Il y a quelques semaines, juste avant le confinement en France, sortait aux éditions Métailié le témoignage El Niño de Hollywood (récemment sélectionné pour le prix du Réel, qui sera remis le 12 juin à Paris). Juan José Martínez d’Aubuisson, un des deux frères auteurs de ce livre passionnant, publie parallèlement la version française de son essai Voir, entendre et se taire, son complément indispensable, fruit d’un an d’immersion dans un des gangs les plus dangereux du Salvador.
Photo : éd. Métailié
Lui-même anthropologue, Juan José Martínez d’Aubuisson s’est depuis très jeune intéressé, professionnellement, à la violence dans son pays et en particulier aux gangs « historiques » nés en Californie puis importés dans les banlieues de San Salvador. De façon tout à fait exceptionnelle, voire unique, il a réussi à se faire accepter comme témoin dans le plus dangereux de ces gangs, le Mara Salvatrucha (MS-13), pendant toute l’année 2010 et a observé le quotidien de ces garçons.
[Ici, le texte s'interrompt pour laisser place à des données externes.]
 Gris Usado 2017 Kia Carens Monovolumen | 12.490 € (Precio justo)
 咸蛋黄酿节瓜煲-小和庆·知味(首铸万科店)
Face au MS-13, règne sur le quartier voisin le Barrio-18 : les deux gangs sont semblables mais adversaires, ennemis irréconciliables. Il y a des moments de tension et des moments de répit. On trouve parfois le cadavre criblé de balles d’un homme qui allait au travail et on ne saura jamais pourquoi ce tranquille menuisier a été abattu.
Bizarrement, le PC de la bande est le « Centre de jeunesse » local, une espèce de centre culturel et de centre social dont le directeur ne sait pas bien lui-même s’il doit laisser se réunir ces jeunes oisifs ou s’il doit refuser et, probablement, risquer sa vie. Dans ce centre, on peut aussi également faire du soutien scolaire : Juan José lui-même donnera quelques cours, malgré ses difficultés à faire asseoir ses jeunes élèves, qui n’ont pas la moindre idée de ce que peut être la discipline scolaire.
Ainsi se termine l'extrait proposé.